And as they think about preparedness for the future, we believe they are likely to focus more investment dollars on this important topic. In addition, as hospitals strive to resume elective surgeries and try to recapture lost revenue, operational throughput becomes a critical element of restoring financial viability. Defining a new normal for hospital operations is the sweet spot of our value proposition as we can address both safety and operational efficiency challenges. If you go to our website, you'll see great new content highlighting COVID specific use cases for our solution and how we're keeping care teams safe and improving throughput and cycle times in the ED and the OR.

As a company, we have continued to advance the ball with a sense of urgency. Our engineering and product teams continue to innovate and deliver solutions that are grounded in our clinical approach to the market and our deep knowledge of our customers. Last quarter, we talked about using our Smartbadge strapped to the bed for patient communications in ICU rooms that are being used at double capacity. Expanding this to a whole other level, we are developing a new Alexa skill that will allow patients to use voice commands to communicate with their care team on Vocera through an Amazon Echo in the room.

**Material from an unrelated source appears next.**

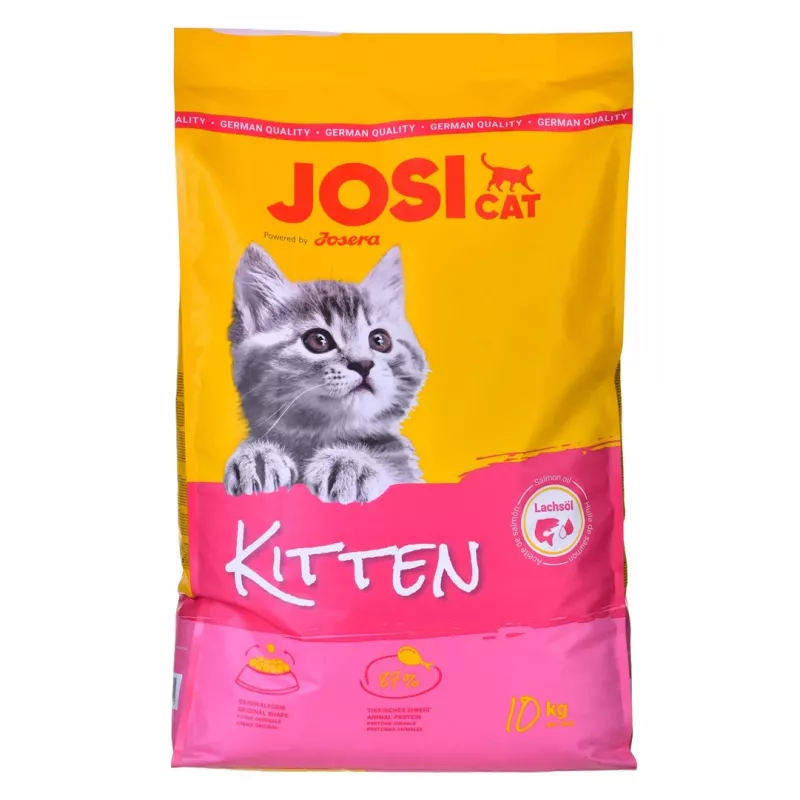 Kuiv kassipoegade toit JosiCat Kitten 10 kg – täisväärtuslik toit kasvavatele kassipoegadele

In addition to asking for water, blankets or bathroom assist, patients will be able to ask questions about their care team or about the hospital, such as who is their nurse? Or what are the visiting hours? We're hoping to do some pilots of this exciting initiative later this year. Vocera has been the leader in voice-based communication for many years and integrations of this nature showcase the power of our software and are a natural extension of our business. Q2 was an extremely challenging quarter for everyone, but it was also a quarter where we demonstrated great progress and resiliency as a company. I'm proud of our results and the positive impact we're having on our customers.

This pandemic has given us the opportunity to illustrate our perseverance and the value that we can deliver to our employees, our customers and our investors. With that, I will turn it over to Justin to discuss our Q2 financials in more detail. Justin?

Justin Spencer -- Chief Financial Officer

Thanks, Brent. Hello, everyone. We had another strong quarter, beating both our Q2 revenue and profitability goals. Total revenue in Q2 was $47.3 million, up 6% over last year.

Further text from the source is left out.